The Data Science contributes to achieving the goals of the Center by supporting the work of the four research projects. The projects produce high-dimensional data that requires comprehensive analysis and expertise in state-of-the-art data science methodologies in order to translate raw experimental data into actionable insights and predictive models.
The Data Science Core provides numerous methods and services to the Center researchers by:
- Sharing expertise and providing support via advanced methodologies in data science and statistics
- Developing high-performance, novel methods for simultaneous regression or classification with dimensionality reduction and data integration
- Constructing and maintaining a computational platform that will enable collaboration across the Center and facilitate dissemination of knowledge to the wider community and key stakeholders
The Dynamic Exposure Pathways Under Conditions of Environmental Emergencies project characterizes exposure pathways of contaminated sediments that are vulnerable to movement and re-deposition due to storm activity; the Data Science Core provides services for experimental design, hypothesis testing, and regression for contaminated sediment binding experiments.

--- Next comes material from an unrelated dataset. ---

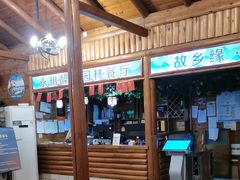 -故乡缘·香格里拉山庄(冷竹路店)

The Mitigation of Chemical and Mixture Effects Through Broad-Acting Sorbents studies the mitigation of adverse health effects of chemicals through broad-acting sorption materials; the Data Science Core utilizes predictive modeling of sorption activity via advanced regression and simultaneous dimensionality reduction with nonlinear kernels to guide experimental design and material property identification. The Inter-Tissue and -Individual Variability in Response to Mixtures project investigates the inter-tissue and inter-individual variability in response to complex environmental mixtures; the Data Science Core applies composite classification and clustering strategies for characterization of chemical mixtures. The Single Cell, Multi-Parametric High Throughput Platform to Classify Endocrine Disruptor Potential of Mixtures project develops single-cell, high-throughput platforms to quantify the endocrine disruptor potential of environmental contaminants and mixtures; the Data Science Core aids in predicting the activity of multiple endocrine receptors through model construction and reduction of predictive models.
Furthermore, the Data Science Core maximizes productivity within the Center by establishing an ideal environment for data sharing and collaboration via a computational platform service. The Core also disseminates the results of the TAMU SRP Center, including access to the final high-performance predictive models and tools, by providing interactive interfaces amenable for use by the scientific community.